A ben vedere, anche i più critici manifestano riserve sulla “gestione” dei singoli casi ma nessuno, per quanto è dato sapere, si è spinto a immaginare un ruolo “attivo” del governo volto a deviare l’attività dell’intelligence rispetto ai compiti previsti dalla legge. Occorre, quindi, partire dal riconoscimento che il governo è la prima vittima degli eventuali comportamenti infedeli da parte di appartenenti agli apparati della sicurezza nazionali. Paradossalmente, il fatto che l’Autorità delegata sia oggetto delle polemiche ne è la conferma ulteriore.
Mantovano ripete spesso che l’intelligence è un settore in cui, se c’è silenzio, significa che tutto fila liscio. Se se ne parla, allora vuol dire che qualcosa non sta funzionando. Quanto emerso sulla stampa solleva interrogativi, a volte anche inquietanti.
Allo stesso modo, l’impressione è che il vespaio sia emerso, o stia emergendo, in una sequenza temporale che segue le scelte del governo nel cambiamento della governance del sistema delle informazioni per la sicurezza. Anche qui andrebbe posta una domanda: il governo, attraverso l’Autorità delegata, ha nominato ai vertici dell’intelligence figure in qualche modo “vicine” politicamente? L’impressione è che non si sia ceduto alla tentazione di favorire “amici” bensì di selezionare le figure migliori (questo è il caso, da ultimo, del nuovo direttore del Dis, il prefetto Vittorio Rizzi). Chi ha responsabilità pubbliche assume si di se sia l’onore che l’onere di questo ruolo. Le critiche, gentili o feroci, circostanziate o massimaliste, fanno parte del gioco e Mantovano ha sufficiente esperienza e sensibilità per interpretarle correttamente. Il tema, però, non è nel buttarlo in politica (abbasso il governo, viva il governo).
È fondamentale, oltre che urgente, riflettere su quanto accaduto, individuare le responsabilità e riportare i servizi segreti alla logica che aveva animato la riforma del 2007. Una riforma che nel tempo è stata interpretata con le lenti del passato, in cui il segreto (disciplinato proprio da quella riforma) è stato poi (volutamente?) confuso con il mistero. Non è affatto da escludere, infatti, che quello che vediamo emergere non sia altro che una indiretta risposta al tentativo del sottosegretario di rimettere il comparto nei binari in cui dovrebbe in effetti essere.
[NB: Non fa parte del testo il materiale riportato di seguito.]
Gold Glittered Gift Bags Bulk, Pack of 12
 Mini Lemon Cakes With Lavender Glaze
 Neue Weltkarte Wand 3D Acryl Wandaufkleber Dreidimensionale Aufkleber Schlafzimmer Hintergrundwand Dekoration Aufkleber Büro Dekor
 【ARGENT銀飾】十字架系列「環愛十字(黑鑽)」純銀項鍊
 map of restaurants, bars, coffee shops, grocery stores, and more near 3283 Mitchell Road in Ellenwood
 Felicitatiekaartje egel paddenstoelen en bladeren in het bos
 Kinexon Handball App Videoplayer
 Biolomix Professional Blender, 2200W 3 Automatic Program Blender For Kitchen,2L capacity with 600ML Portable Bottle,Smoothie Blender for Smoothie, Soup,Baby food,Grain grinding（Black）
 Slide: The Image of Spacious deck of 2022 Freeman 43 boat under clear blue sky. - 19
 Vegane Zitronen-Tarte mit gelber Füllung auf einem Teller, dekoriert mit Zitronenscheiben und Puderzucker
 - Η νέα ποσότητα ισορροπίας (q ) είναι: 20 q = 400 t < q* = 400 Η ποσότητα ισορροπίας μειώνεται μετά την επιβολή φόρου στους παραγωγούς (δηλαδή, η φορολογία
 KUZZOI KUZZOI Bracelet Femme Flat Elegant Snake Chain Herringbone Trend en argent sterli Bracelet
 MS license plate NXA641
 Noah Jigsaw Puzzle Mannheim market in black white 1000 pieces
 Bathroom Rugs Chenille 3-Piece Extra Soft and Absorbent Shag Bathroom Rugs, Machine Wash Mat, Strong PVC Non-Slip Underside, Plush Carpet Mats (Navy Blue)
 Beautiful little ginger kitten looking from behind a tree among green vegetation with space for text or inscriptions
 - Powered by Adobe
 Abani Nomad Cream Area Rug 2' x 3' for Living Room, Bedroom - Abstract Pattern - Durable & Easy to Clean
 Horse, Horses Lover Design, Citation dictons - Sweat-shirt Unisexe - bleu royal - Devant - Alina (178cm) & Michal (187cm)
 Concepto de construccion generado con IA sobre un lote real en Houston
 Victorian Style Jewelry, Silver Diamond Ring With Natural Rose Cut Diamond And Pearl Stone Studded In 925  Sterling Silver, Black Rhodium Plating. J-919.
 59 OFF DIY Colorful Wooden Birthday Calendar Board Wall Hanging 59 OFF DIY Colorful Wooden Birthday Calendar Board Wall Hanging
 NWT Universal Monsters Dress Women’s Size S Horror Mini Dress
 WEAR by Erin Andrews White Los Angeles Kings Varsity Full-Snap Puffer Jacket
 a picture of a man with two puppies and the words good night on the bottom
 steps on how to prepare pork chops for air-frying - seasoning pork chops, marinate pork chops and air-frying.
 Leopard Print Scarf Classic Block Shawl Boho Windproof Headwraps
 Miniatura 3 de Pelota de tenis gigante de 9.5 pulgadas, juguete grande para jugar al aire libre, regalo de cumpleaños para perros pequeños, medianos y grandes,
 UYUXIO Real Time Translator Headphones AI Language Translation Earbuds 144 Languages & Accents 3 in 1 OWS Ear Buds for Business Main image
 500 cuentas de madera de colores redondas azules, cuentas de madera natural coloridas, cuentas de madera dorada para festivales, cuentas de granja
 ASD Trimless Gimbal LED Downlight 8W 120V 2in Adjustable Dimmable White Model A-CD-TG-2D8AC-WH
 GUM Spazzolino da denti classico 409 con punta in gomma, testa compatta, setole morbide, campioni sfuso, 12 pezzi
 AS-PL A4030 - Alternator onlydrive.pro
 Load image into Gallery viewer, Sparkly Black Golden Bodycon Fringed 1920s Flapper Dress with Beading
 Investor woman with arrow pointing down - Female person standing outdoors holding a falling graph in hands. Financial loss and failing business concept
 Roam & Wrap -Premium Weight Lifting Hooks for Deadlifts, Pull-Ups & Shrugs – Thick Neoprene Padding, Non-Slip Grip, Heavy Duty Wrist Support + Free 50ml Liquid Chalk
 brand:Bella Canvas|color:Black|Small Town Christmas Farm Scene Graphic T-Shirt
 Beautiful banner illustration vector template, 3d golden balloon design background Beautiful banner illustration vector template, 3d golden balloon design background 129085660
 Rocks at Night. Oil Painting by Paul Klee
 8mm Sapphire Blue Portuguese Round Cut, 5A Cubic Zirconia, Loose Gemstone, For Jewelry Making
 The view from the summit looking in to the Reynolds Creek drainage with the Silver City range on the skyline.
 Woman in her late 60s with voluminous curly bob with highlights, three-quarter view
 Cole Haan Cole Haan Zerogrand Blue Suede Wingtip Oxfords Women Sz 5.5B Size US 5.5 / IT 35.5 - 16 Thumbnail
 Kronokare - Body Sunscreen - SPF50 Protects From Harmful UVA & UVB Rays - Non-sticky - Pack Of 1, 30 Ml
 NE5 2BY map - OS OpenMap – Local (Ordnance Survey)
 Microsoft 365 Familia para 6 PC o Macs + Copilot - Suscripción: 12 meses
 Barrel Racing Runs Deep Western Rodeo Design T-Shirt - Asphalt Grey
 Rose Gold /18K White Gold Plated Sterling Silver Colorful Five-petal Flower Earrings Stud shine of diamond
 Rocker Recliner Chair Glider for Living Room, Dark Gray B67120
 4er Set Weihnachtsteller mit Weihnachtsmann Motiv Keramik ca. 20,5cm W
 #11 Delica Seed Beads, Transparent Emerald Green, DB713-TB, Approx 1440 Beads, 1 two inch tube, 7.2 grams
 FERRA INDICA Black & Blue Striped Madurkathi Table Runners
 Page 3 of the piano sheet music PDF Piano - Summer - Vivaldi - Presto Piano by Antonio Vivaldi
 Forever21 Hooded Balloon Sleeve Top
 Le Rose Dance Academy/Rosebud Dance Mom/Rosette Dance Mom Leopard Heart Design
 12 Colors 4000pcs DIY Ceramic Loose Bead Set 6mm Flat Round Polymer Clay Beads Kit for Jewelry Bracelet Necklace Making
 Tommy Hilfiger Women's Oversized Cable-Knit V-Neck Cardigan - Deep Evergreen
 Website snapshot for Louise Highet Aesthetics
Alla dietrologia, tuttavia, non si risponde con ulteriore dietrologia. Cerchiamo di attenerci ai fatti. E i fatti sono che la legge regola il funzionamento dell’intelligence e prevede non soltanto gli obblighi di governo e Parlamento ma anche il ruolo, tanto riservato quanto cruciale, degli ispettori generali. Si tratta di figure fondamentali per garantire il funzionamento della macchina, alle quali la legge assicura “piena autonomia e indipendenza di giudizio nell’esercizio delle funzioni di controllo”. Il legislatore non ha fatto troppo male, forse. E forse varrebbe la pena fidarsi delle istituzioni e del loro lavoro, soprattutto quando è silenzioso ma non di meno efficace (almeno potenzialmente).